The moment came and we were out in the air, picking up the speed of our descent to 120 mph.  It was difficult to breathe with that much wind velocity coming at me, which Joe had cautioned me about, but then his hand grabbed my head and he pointed to the cameraman who was free-falling out in front of us.  I was to keep my eyes on the cameraman and wave or do whatever to make it look like I was having fun.  And it was fun; I did not have to pretend.

Before I knew it, we had free-fallen one mile, the chute opened, and then Joe instructed me how to adjust my harness to get comfortable.  By the time I got everything adjusted and could look around, we were far below the clouds.  I finally looked at the earth below and it was beautiful.  We floated the rest of the way to the ground and before long we made a perfect landing standing up.  What a thrill!

What I didn’t expect

As soon as we landed, the cameraman was there to get my comments regarding the jump.  That is when I realized that I had not even thought about God the entire jump after leaving the plane.  Actually, I could not even remember much about the jump.  I was so focused on the instructions of exiting the plane, the cameraman as we were free-falling, and then the instructions about adjusting the harness after the chute opened that I could not remember much at all about the jump.  I had to wait to see the video to see what I had just experienced but could not remember.  I never expected that I could jump out of a plane over two miles above the earth and not remember much about the jump.  No way!  But, oh yes!

So distracted

What an experience, but it is so much like life.  I had gotten so wrapped up in the particulars of the jump that I missed the experience.  I had gotten distracted, but isn’t that like life?

You and I go through life and we get so caught up in our everyday busyness that we often miss what living is all about.  As with my jump, we get so caught up in the excitement, fun, troubles, plans, concerns and worries that we often forget about God, and we also forget about the big picture of life.

What does this mean?

Well, let’s first ask what life is supposed to be about.  A simple verse from the Bible answers that question.

So whether you eat or drink or whatever you do, do it all for the glory of God.  – 1 Corinthians 10:31 (NIV)

Our main purpose in life is to glorify God.  We are to do this in everything we think, say, and do, all day everyday, all night every night. With every breath we take, we are to glorify God, but oh, how we fail so miserably.

Life is like jumping out of a plane.

Life passes us by and is over before we know it.  We get caught up with so many nonessentials of life that we cannot enjoy it like God intends. We fail to really experience life and we fail to experience God.

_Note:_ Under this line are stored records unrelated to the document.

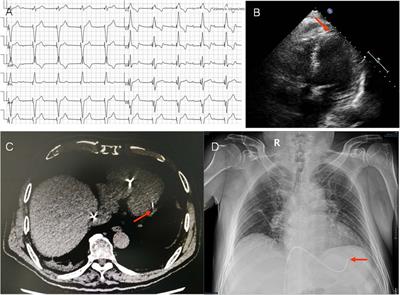 Case Report: A case suffered acute cerebral infarction after removal of temporary cardiac pacing lead which led to the perforation of interventricular septum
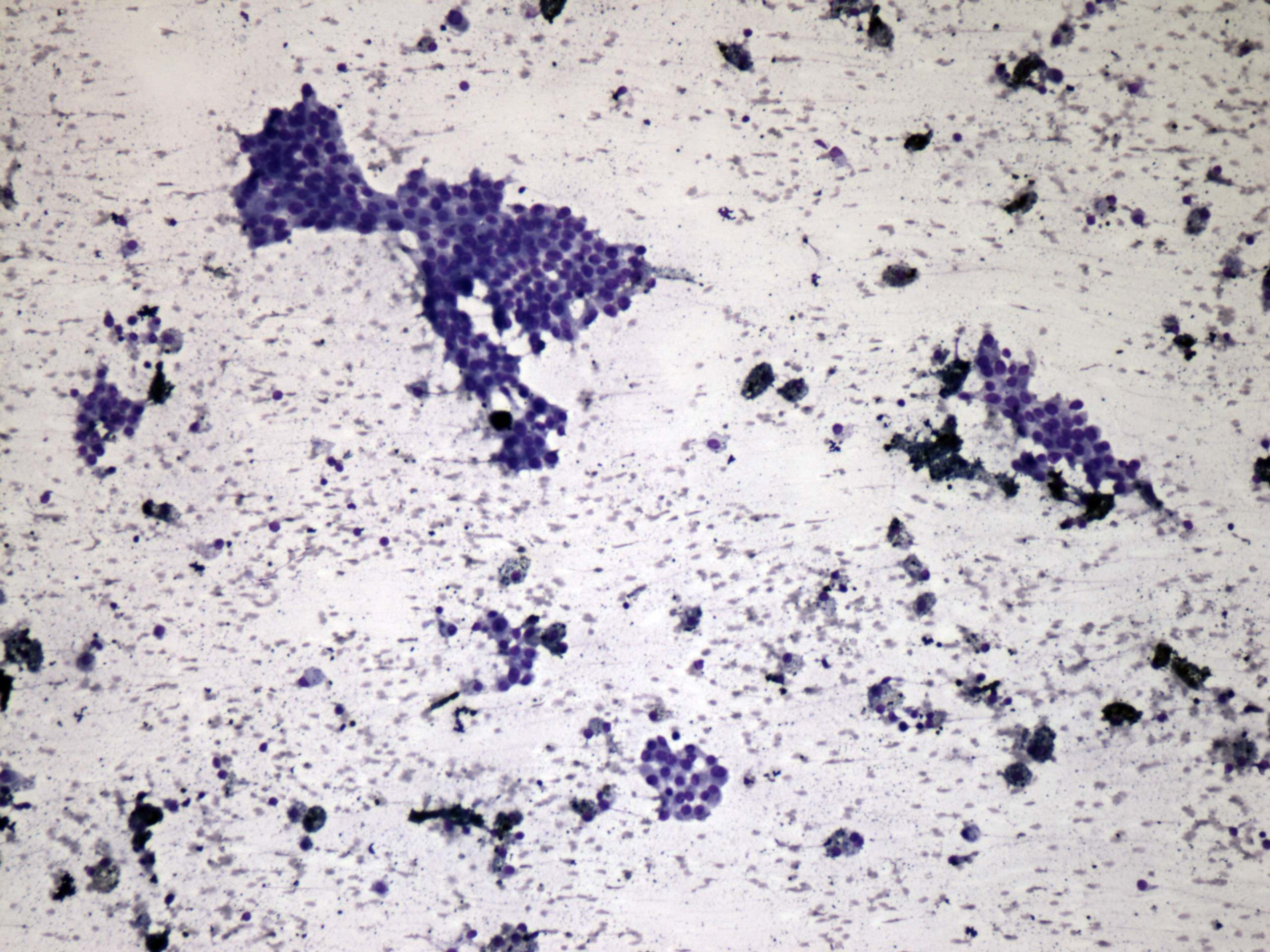 Right lobe, longitudinal scan
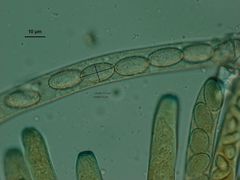 Peziza echinospora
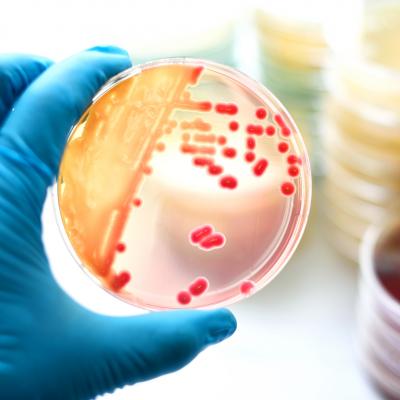 Scientist holding petri dish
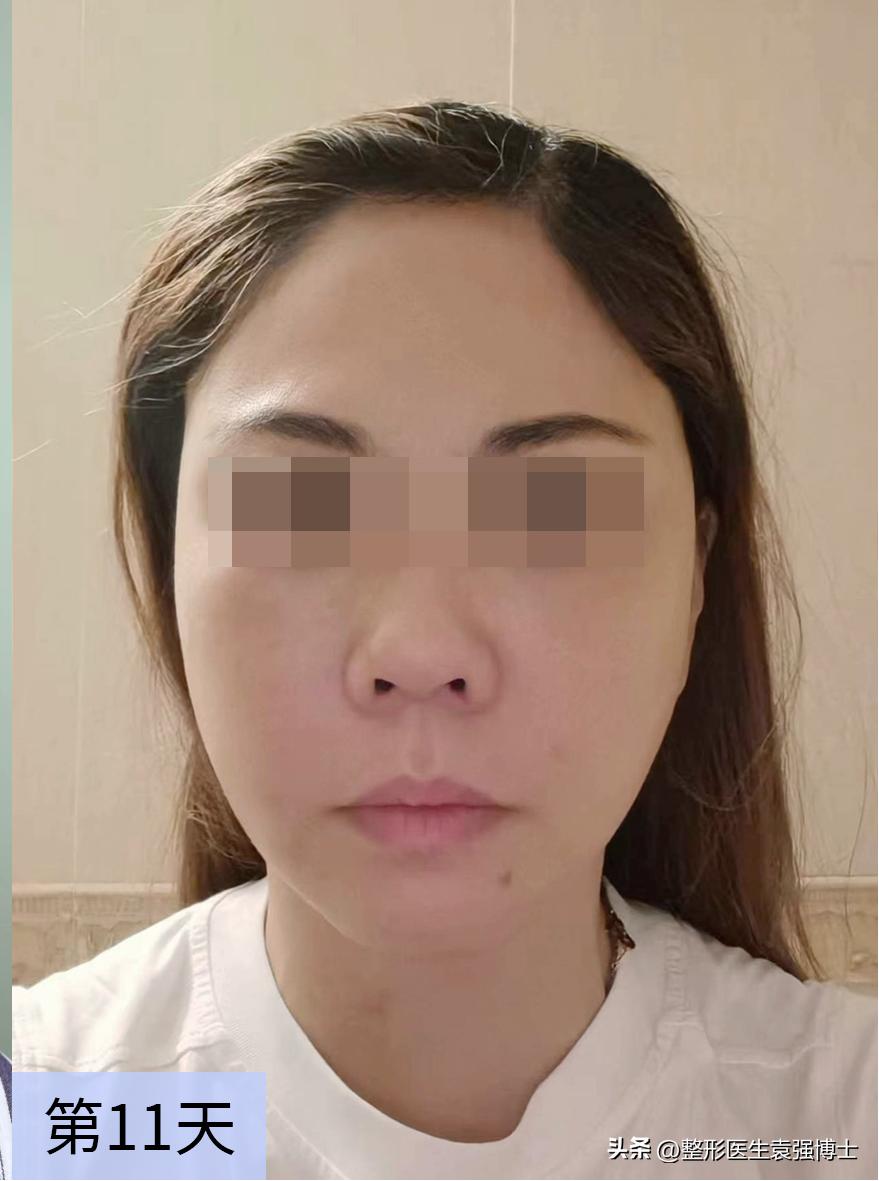 46岁肌肤松弛能做拉皮手术吗,46岁脸部下垂还能做拉皮手术吗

So, here is my suggestion.  Pull the cord now.  Open the parachute so you can slow down and start enjoying life: life in God and life in general.  Look around and find someone you can be Jesus to.  Discover someone you can serve.  Be Jesus to your family: your spouse, your son, your daughter, and other loved ones.  Look at all the beauty of God’s creation.  Don’t miss God.  Don’t miss the simple things of life.  Don’t miss the life that God intended for you

Love ya!!!!!!!!!!!!!!!!!!!!!!!!!!!!!!!!!!!!!!